There were moments when he persuaded himself that her own simple explanation was the right one, and she had been merely restless, and then he cursed himself for having shown his hand. But his reason, as well as prejudice and apprehension, refused to entertain the thought long; her eyes had given the lie to her lips. He dismissed, too, though less quickly, the reflection that mere curiosity, the very natural desire of a wife to discover what takes her husband abroad at night, had led her to follow him. His lip curled with something like satisfaction as it occurred to him that she perhaps suspected another intrigue!
But the revolution of the machine always brought back his thoughts to Jagger. It was for her lover she was working—the lover whom he had injured but neither disheartened nor destroyed, and who no doubt found means of pouring his complaints into her sympathetic ears. It was intuition rather than reason that led him to the right conclusion, and told him that though he might throw dust in Stalker’s eyes and make that credulous fool drunk with flattery and greed, he could not deceive his wife. She knew both husband and lover too well to misjudge either.

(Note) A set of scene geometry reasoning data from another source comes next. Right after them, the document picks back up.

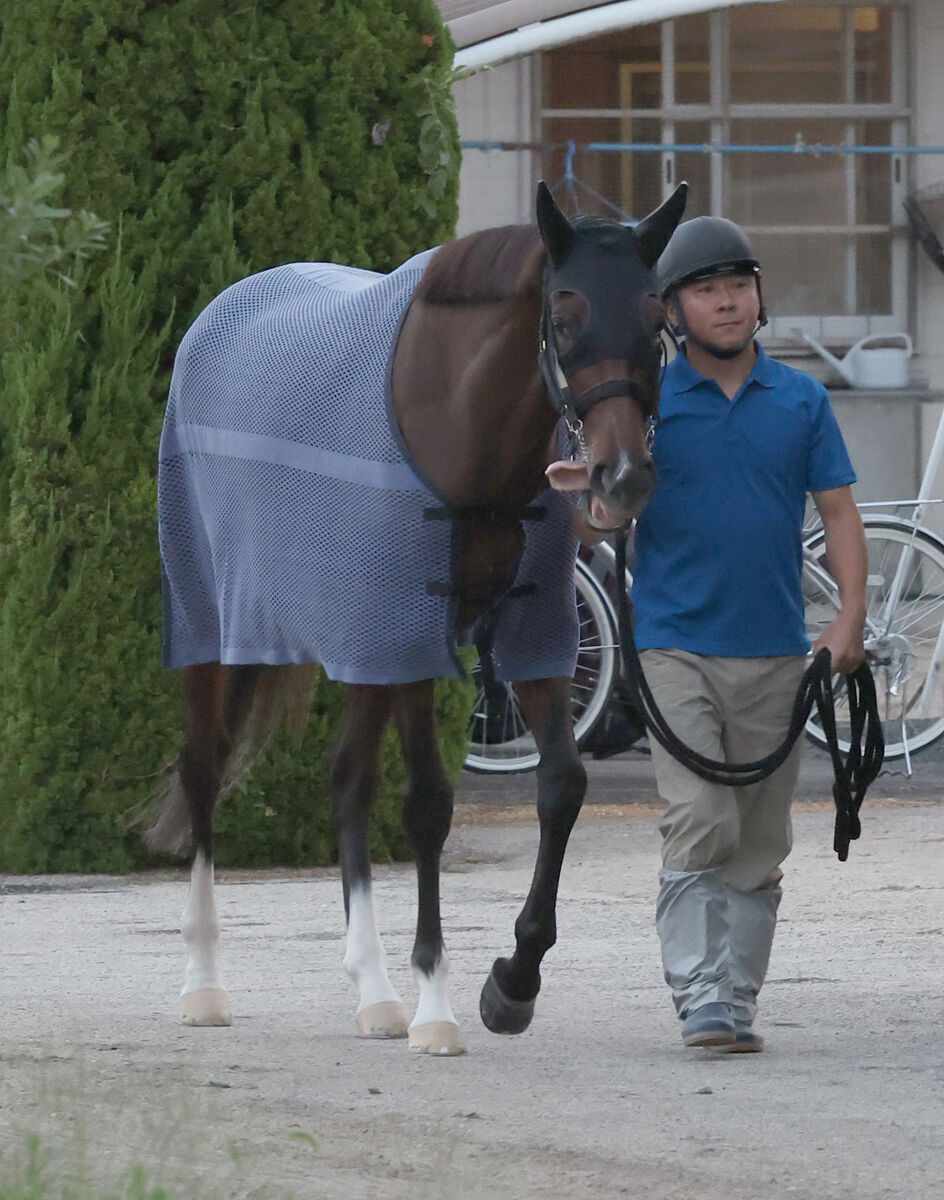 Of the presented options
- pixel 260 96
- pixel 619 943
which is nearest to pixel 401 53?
pixel 260 96

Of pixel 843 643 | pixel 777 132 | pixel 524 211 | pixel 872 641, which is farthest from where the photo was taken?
pixel 777 132

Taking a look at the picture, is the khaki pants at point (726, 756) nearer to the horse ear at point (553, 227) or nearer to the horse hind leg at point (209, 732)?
the horse ear at point (553, 227)

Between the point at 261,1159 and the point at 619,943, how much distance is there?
8.25 ft

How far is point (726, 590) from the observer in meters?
4.69

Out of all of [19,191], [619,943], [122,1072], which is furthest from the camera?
[619,943]

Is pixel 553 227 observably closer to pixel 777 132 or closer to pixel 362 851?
pixel 362 851

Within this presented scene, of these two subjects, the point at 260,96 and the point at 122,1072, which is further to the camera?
the point at 260,96

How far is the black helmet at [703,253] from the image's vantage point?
15.2 ft

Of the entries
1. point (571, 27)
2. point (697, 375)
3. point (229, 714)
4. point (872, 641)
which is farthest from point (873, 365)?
point (697, 375)

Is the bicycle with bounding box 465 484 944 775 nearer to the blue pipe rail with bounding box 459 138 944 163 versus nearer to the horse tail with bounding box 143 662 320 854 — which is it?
the horse tail with bounding box 143 662 320 854

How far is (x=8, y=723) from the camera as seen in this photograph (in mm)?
7000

It was characteristic of the man that in the course of his reflections it never once crossed his mind that his policy had been mistaken. Far-sighted as he thought himself, he was incapable of understanding how the loyalty of a woman like Nancy would have kept her from abusing her husband’s confidences, if they had been offered her, however distasteful his projects might have been to her judgment and heart. He was naturally secretive and distrustful; and like all men who scheme only for themselves, suspicious of everybody. His cleverness was cunning; there was always the danger that he might over-reach himself—in the common expression he was “too clever by half.” His greatest fault was precipitancy; he had to struggle hard against the temptation to stand beside the snares he set in order that he might see the prey enter. The Wise Man asserts that “he that maketh haste to be rich shall not be unpunished.” He might have added that the punishment was likely to be self-administered; a man cannot spur himself fiercely and constantly and escape wounds!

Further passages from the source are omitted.